[Items listed in a dataset]
---

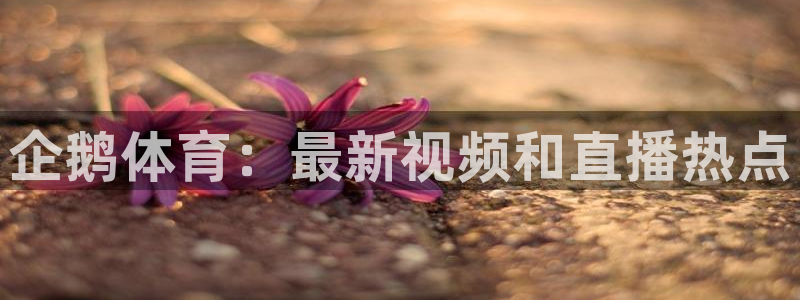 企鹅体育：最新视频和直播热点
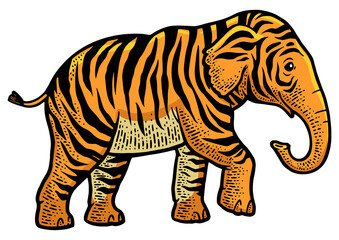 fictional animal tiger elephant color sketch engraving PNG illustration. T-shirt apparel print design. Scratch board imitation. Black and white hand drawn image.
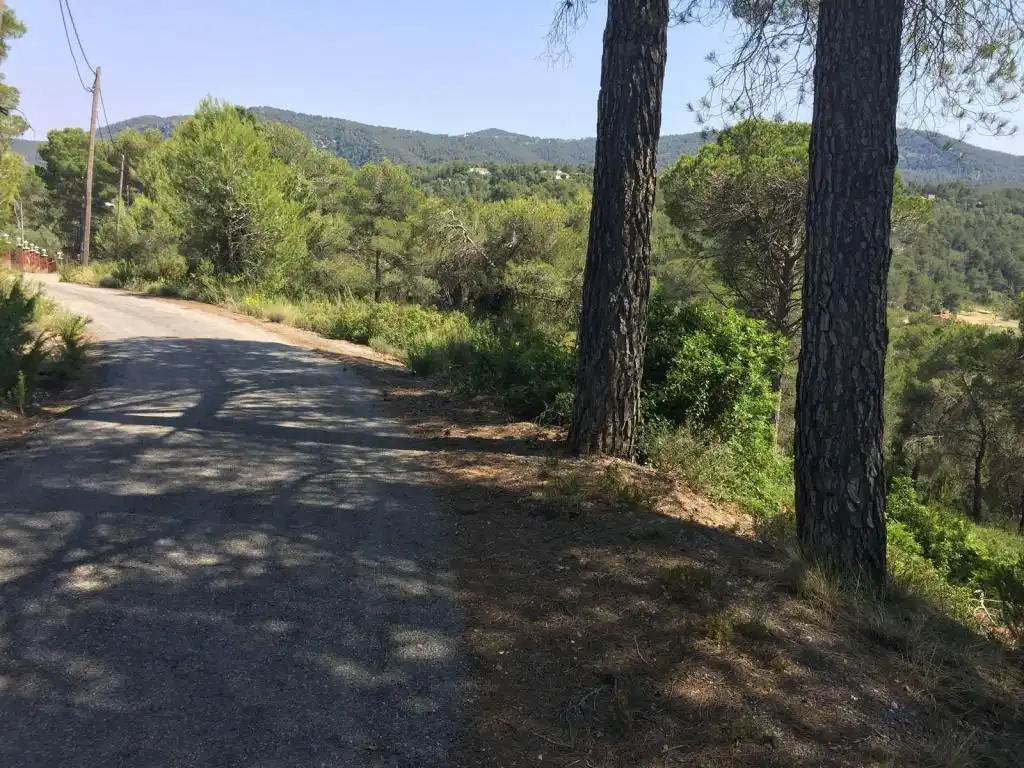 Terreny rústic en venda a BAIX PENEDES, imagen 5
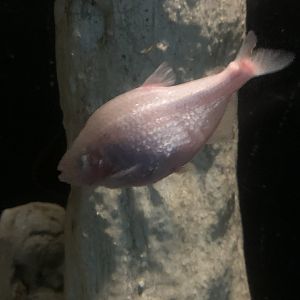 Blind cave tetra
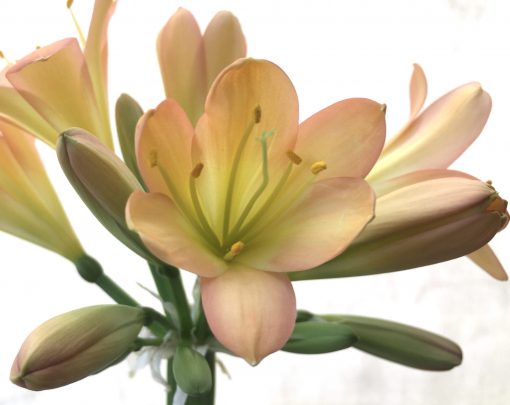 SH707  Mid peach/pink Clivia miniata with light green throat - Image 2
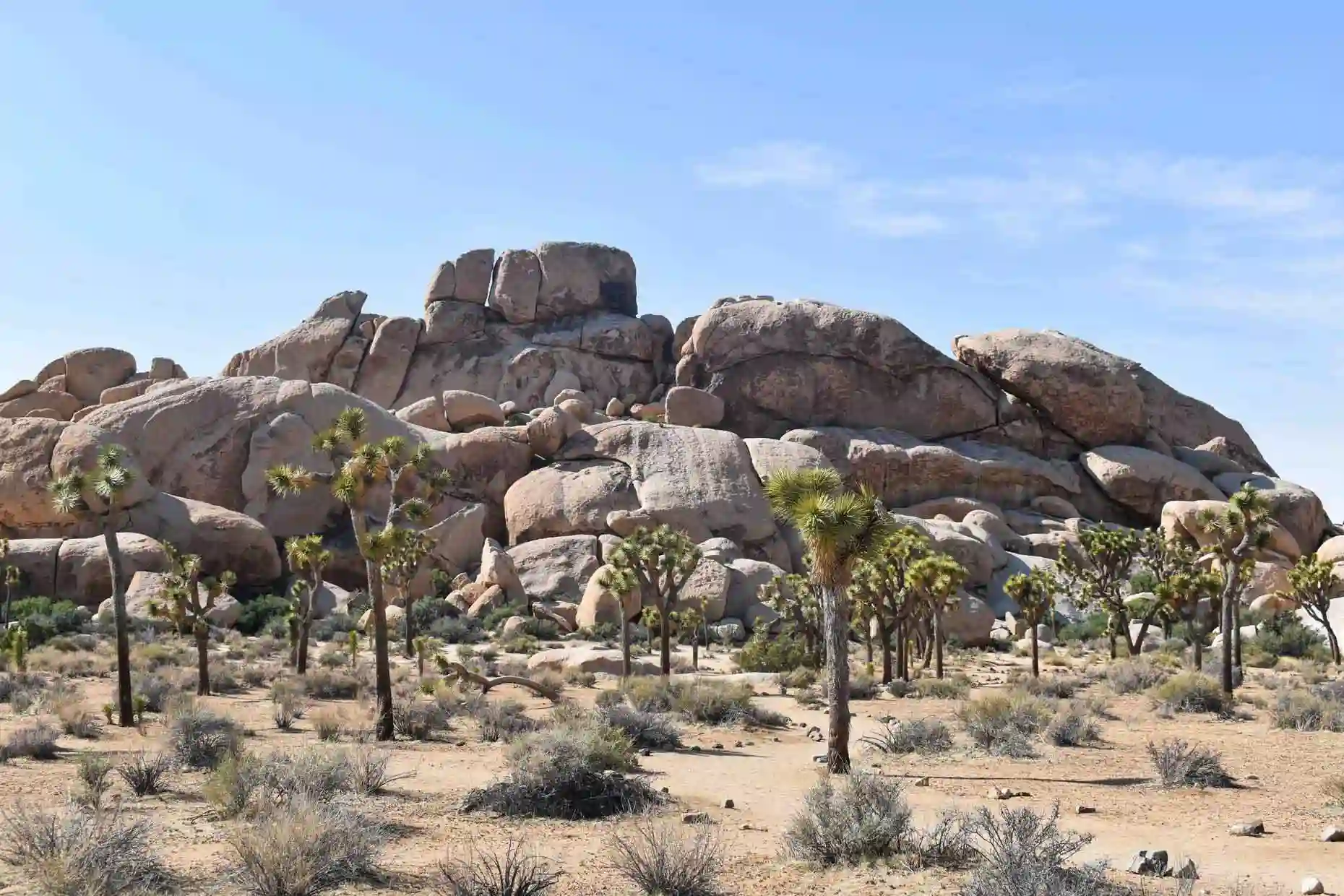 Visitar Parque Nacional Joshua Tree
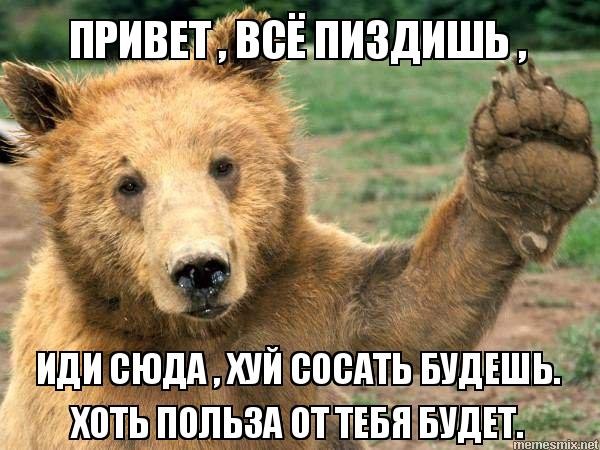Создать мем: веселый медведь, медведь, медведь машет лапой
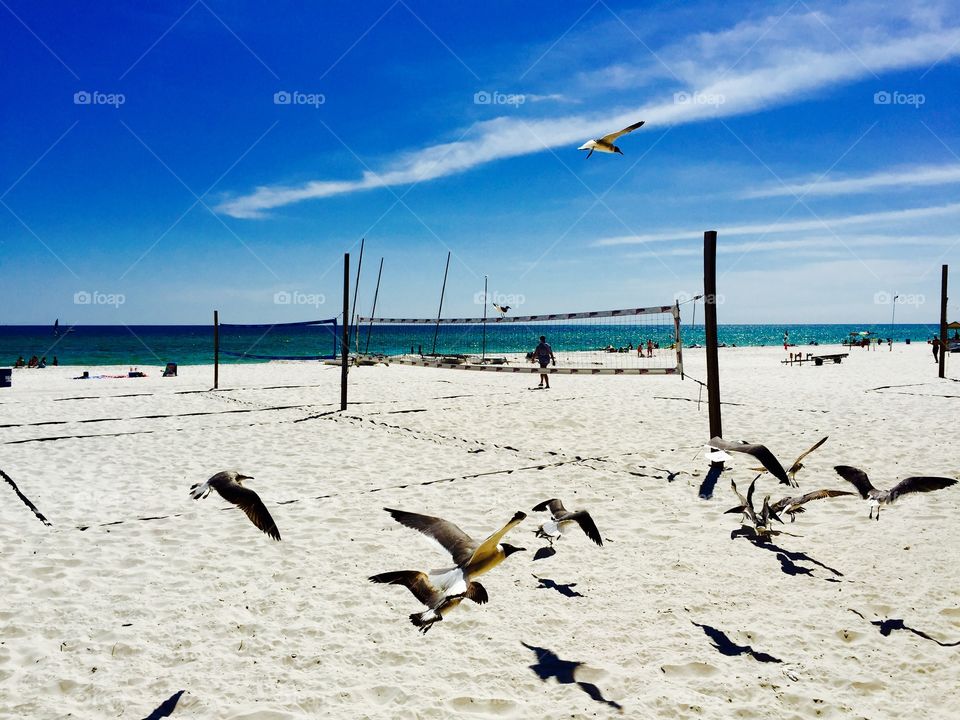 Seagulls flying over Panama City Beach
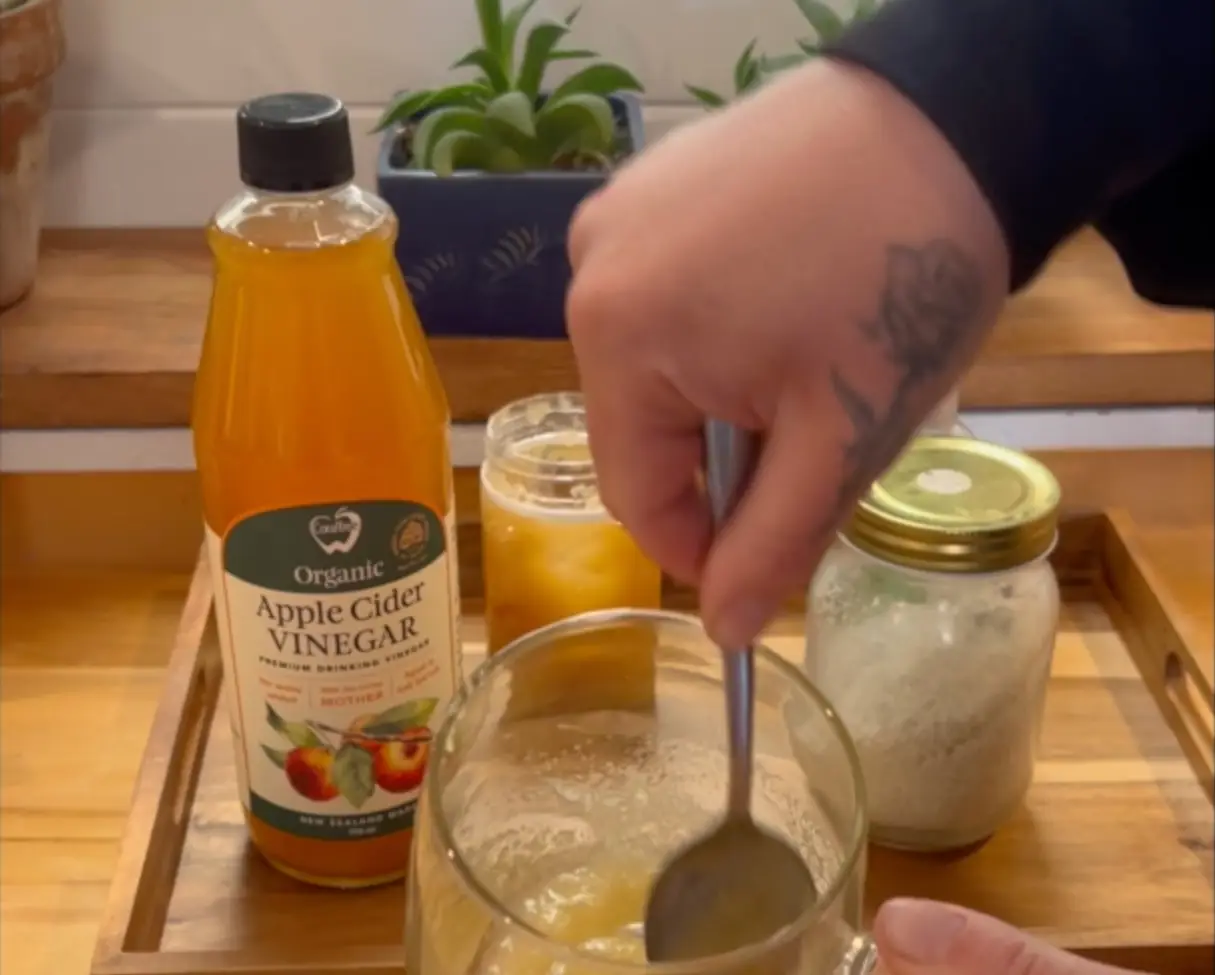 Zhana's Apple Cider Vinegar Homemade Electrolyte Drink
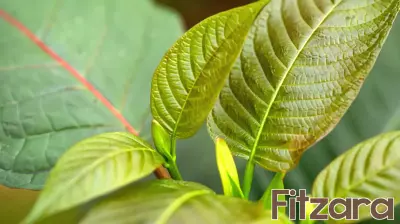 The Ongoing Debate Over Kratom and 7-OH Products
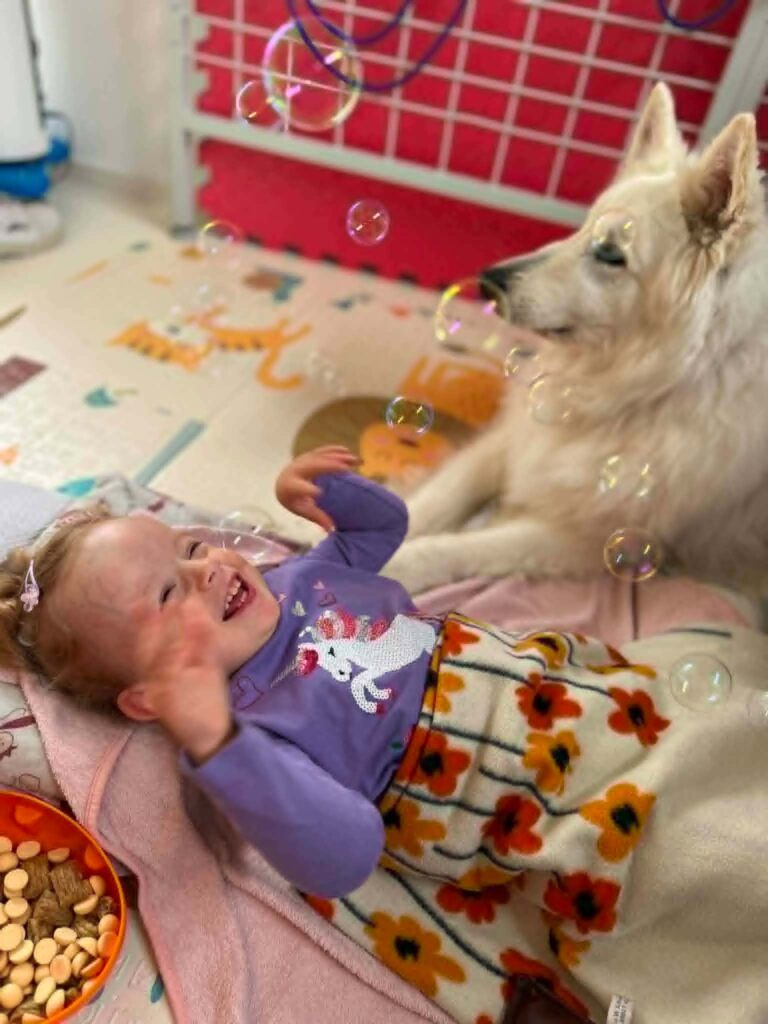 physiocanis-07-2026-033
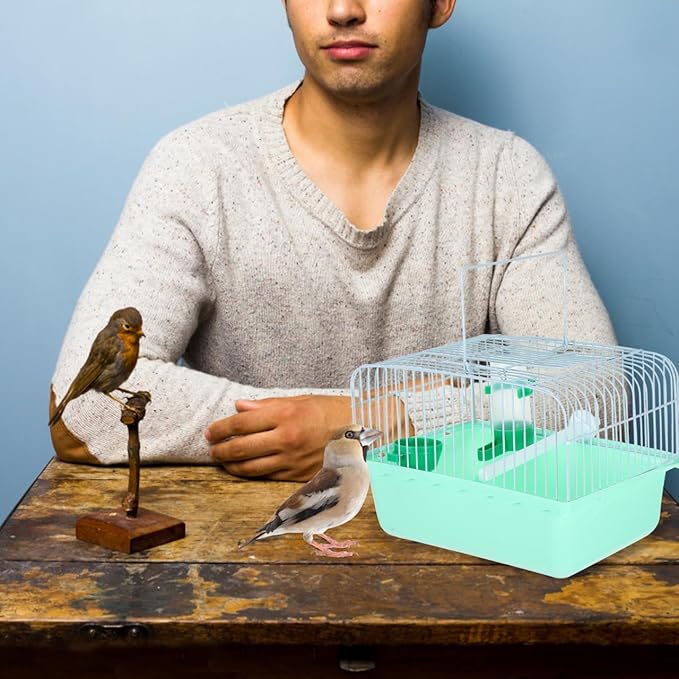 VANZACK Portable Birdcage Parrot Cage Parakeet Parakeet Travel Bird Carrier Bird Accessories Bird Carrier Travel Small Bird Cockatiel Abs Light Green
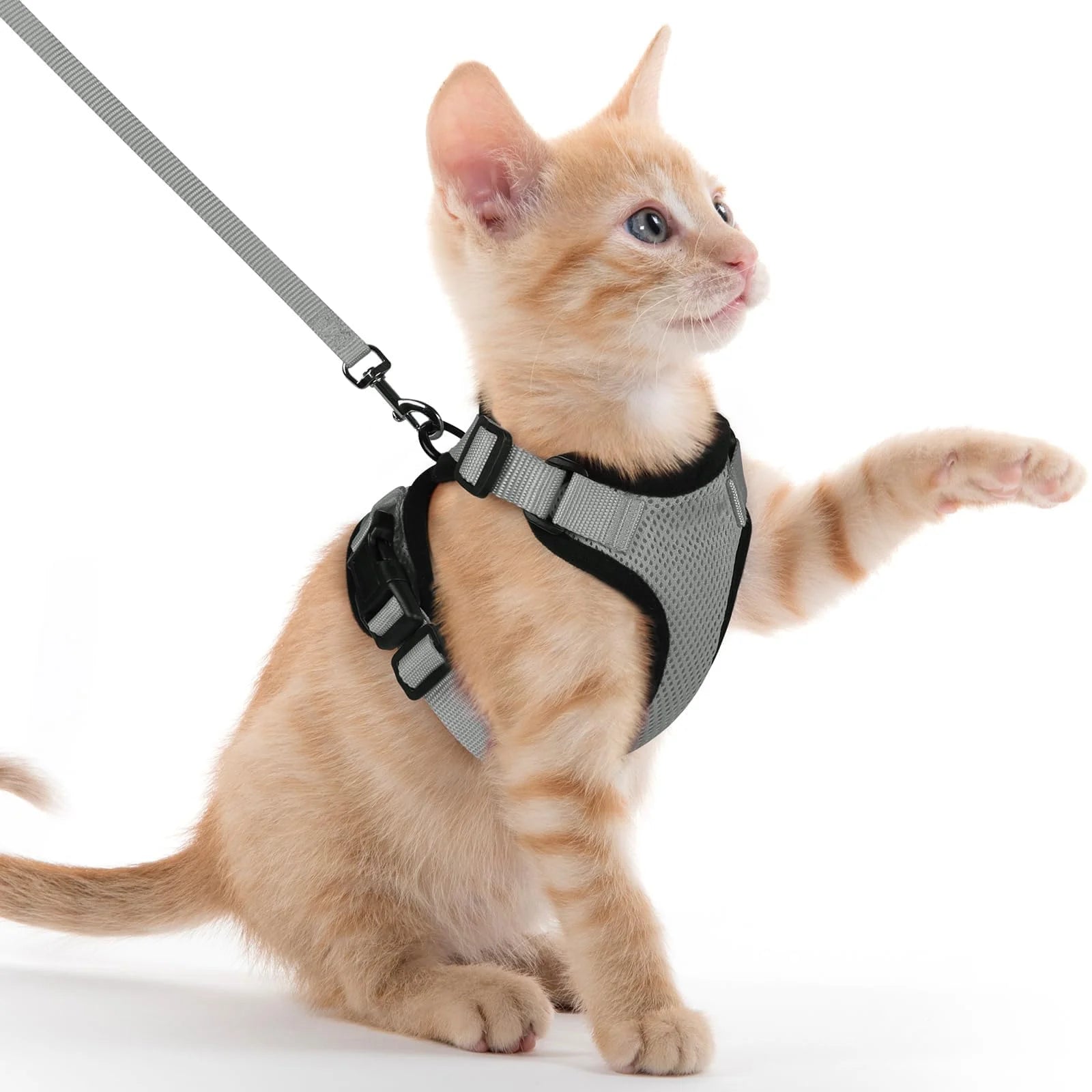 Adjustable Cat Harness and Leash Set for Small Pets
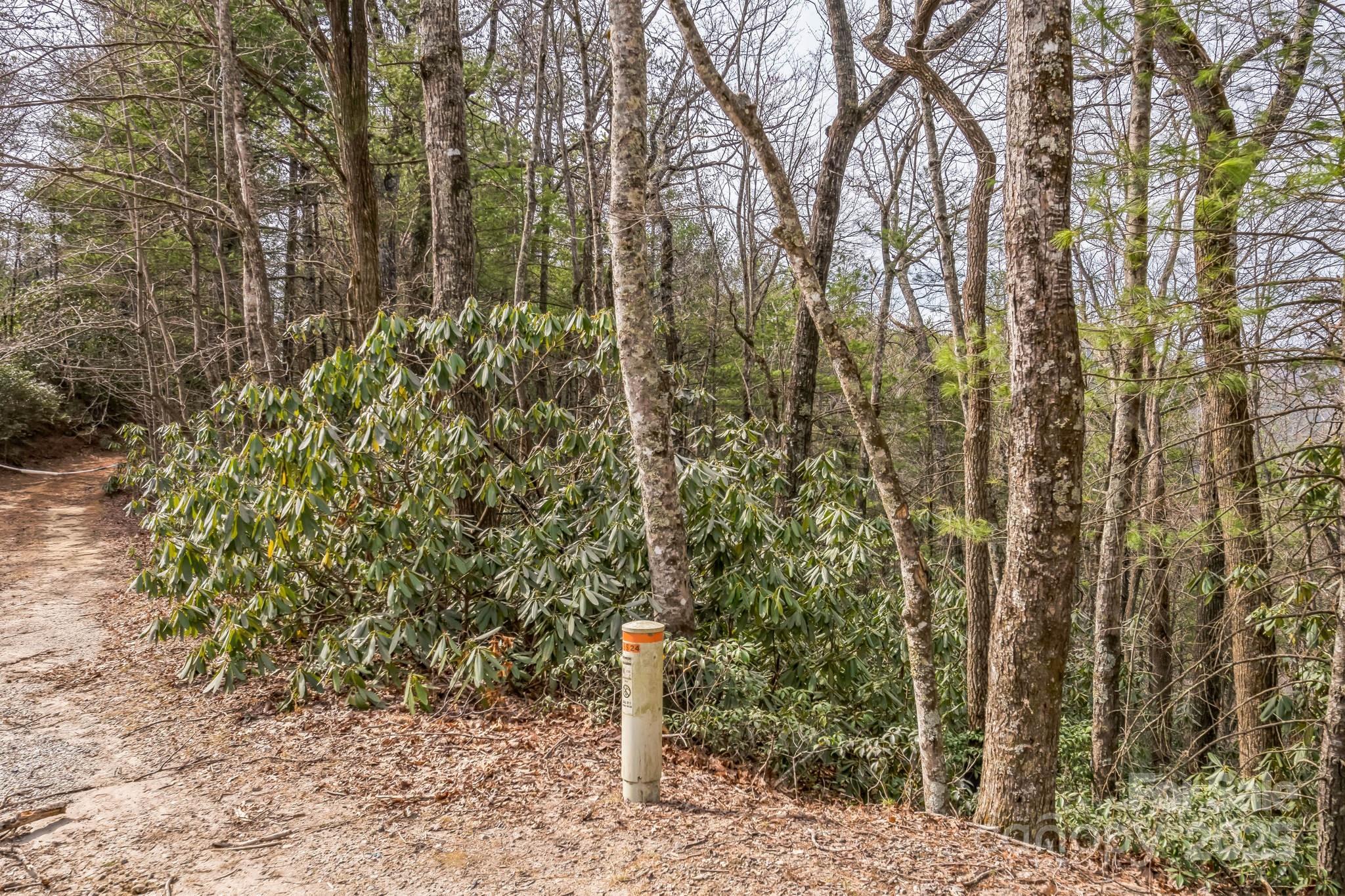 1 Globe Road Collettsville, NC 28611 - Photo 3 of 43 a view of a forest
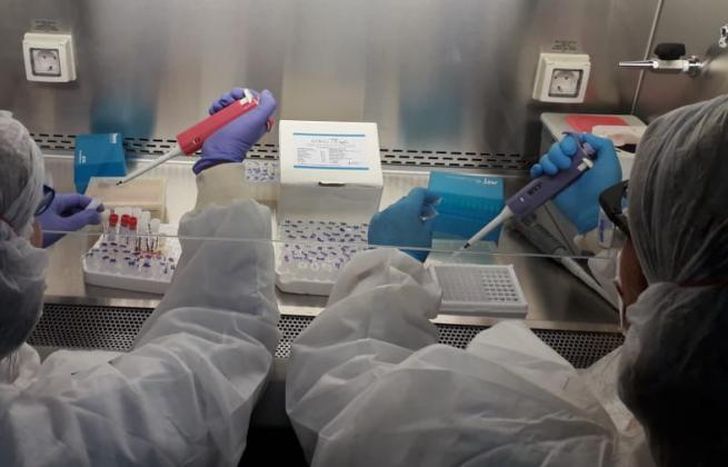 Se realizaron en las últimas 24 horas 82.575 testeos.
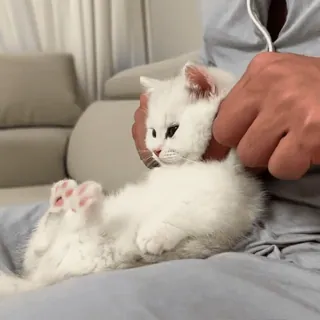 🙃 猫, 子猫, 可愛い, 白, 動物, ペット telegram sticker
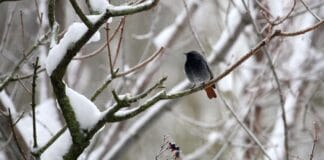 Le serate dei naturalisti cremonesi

---

* _What is needed_: Please reproduce every entry above exactly, but leave out the pictures.

* _Answer to this task_:
 企鹅体育：最新视频和直播热点
 fictional animal tiger elephant color sketch engraving PNG illustration. T-shirt apparel print design. Scratch board imitation. Black and white hand drawn image.
 Terreny rústic en venda a BAIX PENEDES, imagen 5
 Blind cave tetra
 SH707  Mid peach/pink Clivia miniata with light green throat - Image 2
 Visitar Parque Nacional Joshua Tree
Создать мем: веселый медведь, медведь, медведь машет лапой
 Seagulls flying over Panama City Beach
 Zhana's Apple Cider Vinegar Homemade Electrolyte Drink
 The Ongoing Debate Over Kratom and 7-OH Products
 physiocanis-07-2026-033
 VANZACK Portable Birdcage Parrot Cage Parakeet Parakeet Travel Bird Carrier Bird Accessories Bird Carrier Travel Small Bird Cockatiel Abs Light Green
 Adjustable Cat Harness and Leash Set for Small Pets
 1 Globe Road Collettsville, NC 28611 - Photo 3 of 43 a view of a forest
 Se realizaron en las últimas 24 horas 82.575 testeos.
 🙃 猫, 子猫, 可愛い, 白, 動物, ペット telegram sticker
 Le serate dei naturalisti cremonesi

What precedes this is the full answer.